**What is required**
With images removed, transcribe each record exactly as it appears.
◇ ◇ ◇ ◇ ◇ ◇ ◇
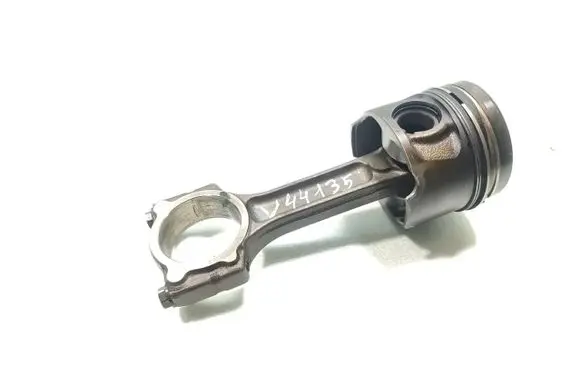 Nissan Qashqai Piston with connecting rod 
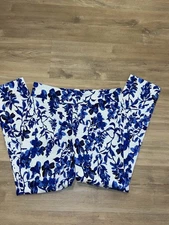 Stretch Capri Pants Blue & White Floral Size 6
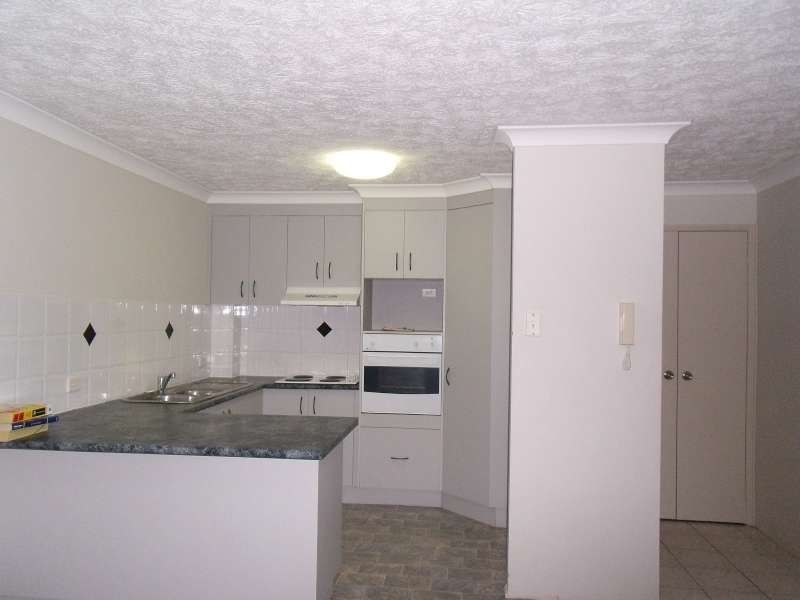 2/28 Smith Street, Southport QLD 4215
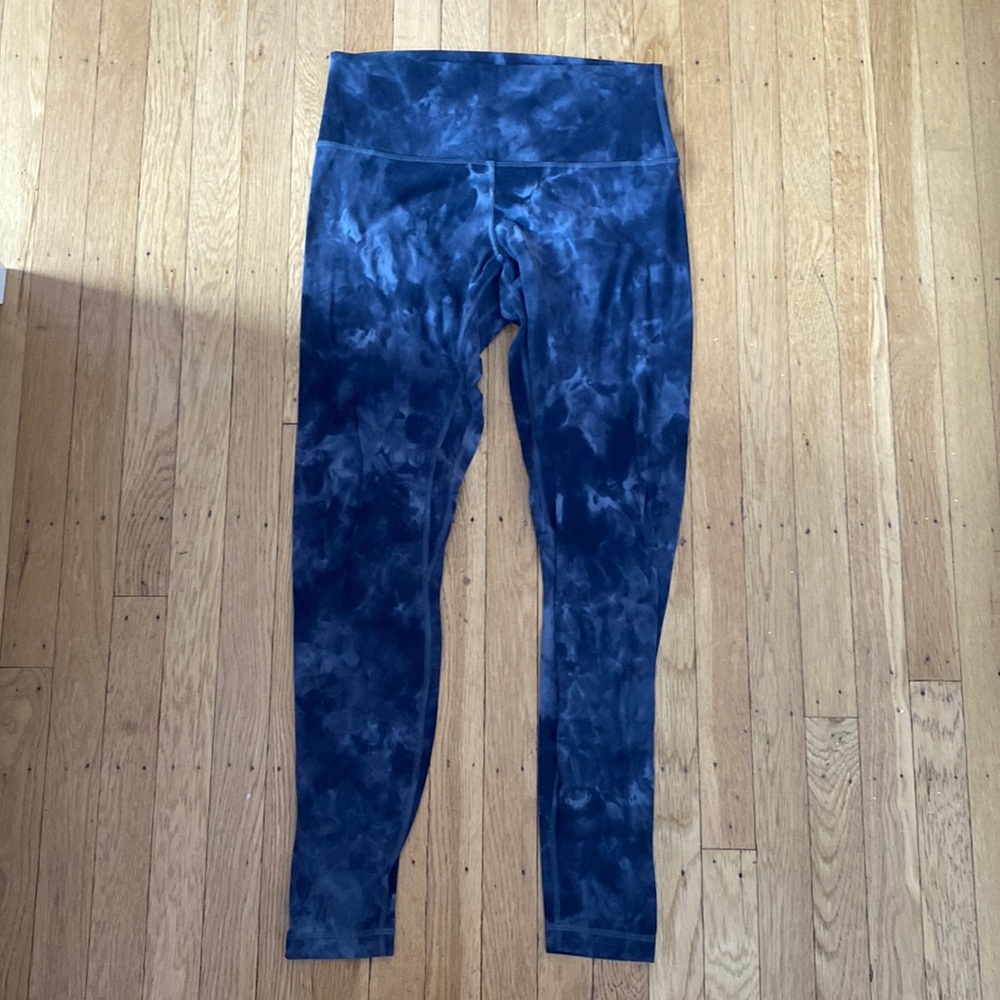 size 10 lululemon leggings very lightly used new condition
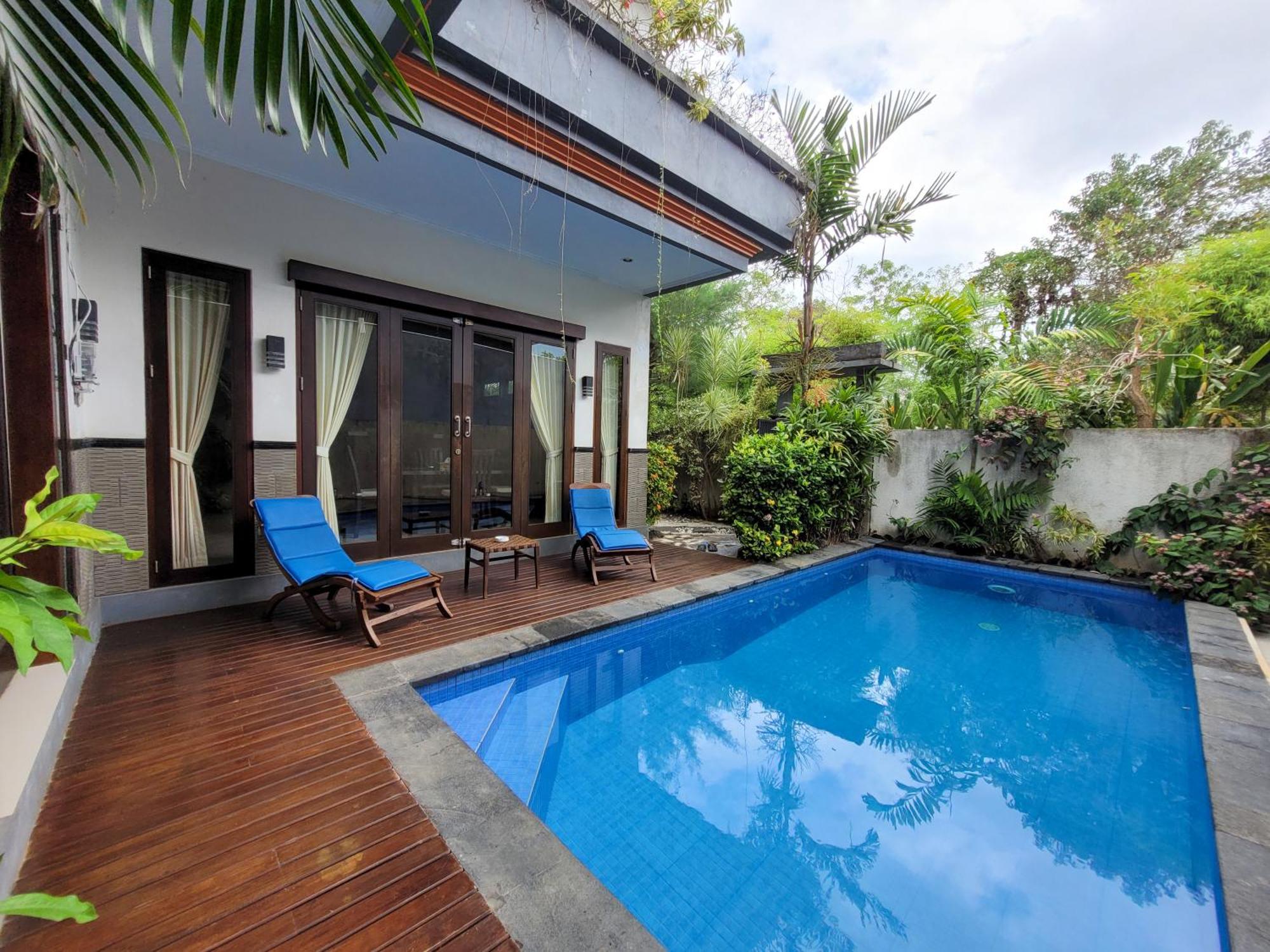 Ramantika Sunset Bay Villa Nusa Dua  Buitenkant foto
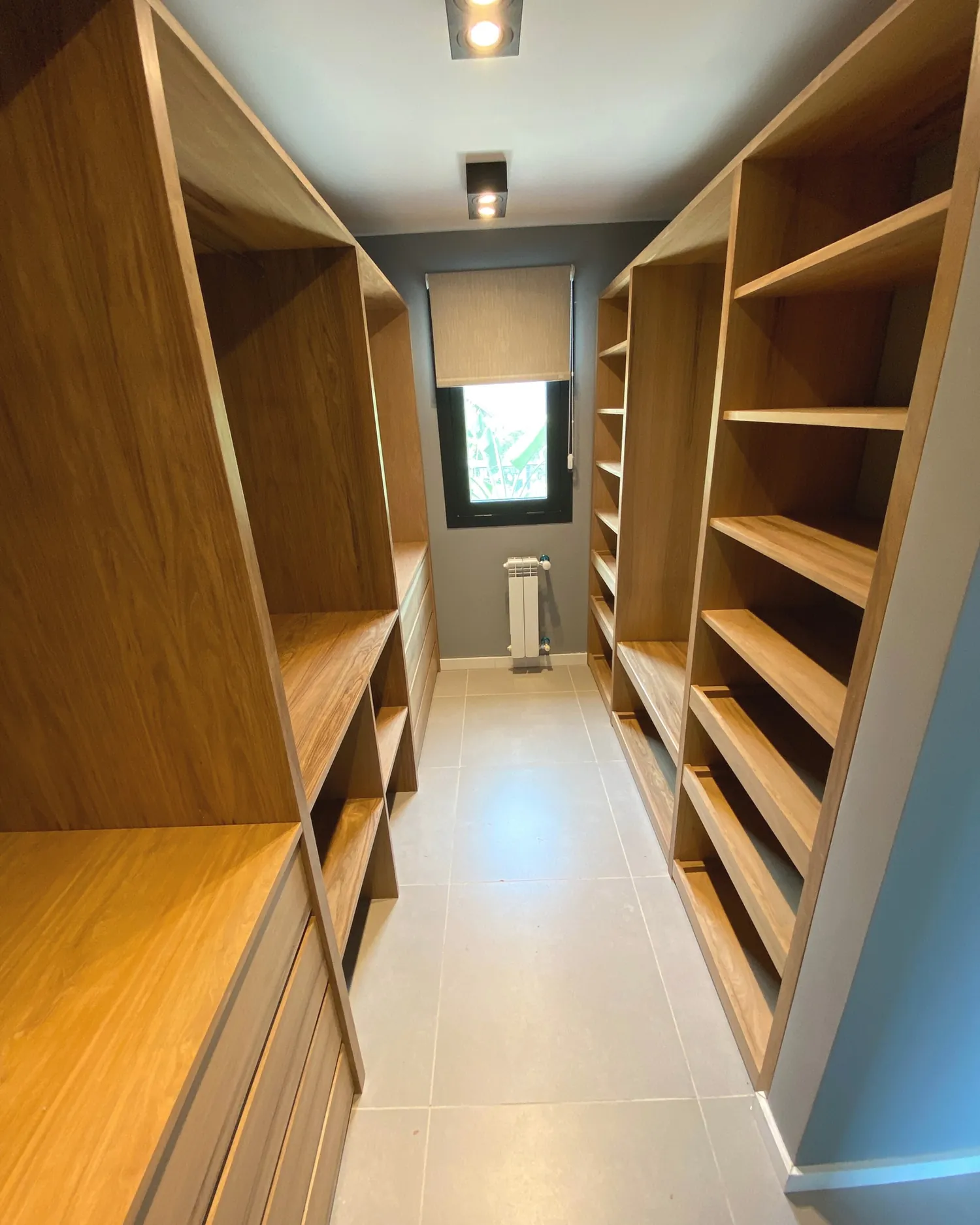 Vestidor en roble con estanterías enfrentadas
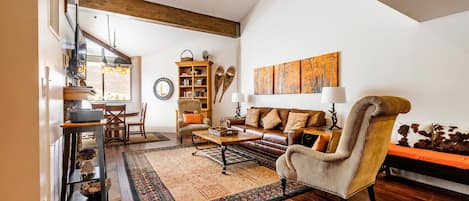 Smart TV, fireplace, DVD player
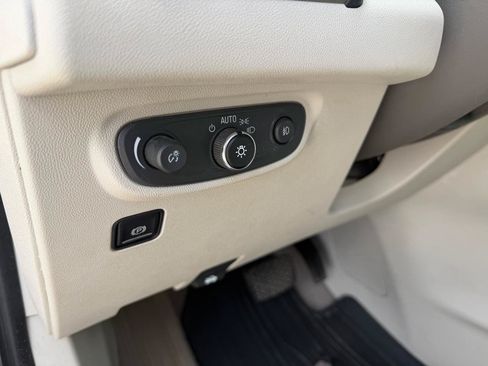Used 2018 GMC Terrain Denali w/ Advanced Safety Package AWD/4WD image 20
◇ ◇ ◇ ◇ ◇ ◇ ◇
**Expected answer**
 Nissan Qashqai Piston with connecting rod 
 Stretch Capri Pants Blue & White Floral Size 6
 2/28 Smith Street, Southport QLD 4215
 size 10 lululemon leggings very lightly used new condition
 Ramantika Sunset Bay Villa Nusa Dua  Buitenkant foto
 Vestidor en roble con estanterías enfrentadas
 Smart TV, fireplace, DVD player
Used 2018 GMC Terrain Denali w/ Advanced Safety Package AWD/4WD image 20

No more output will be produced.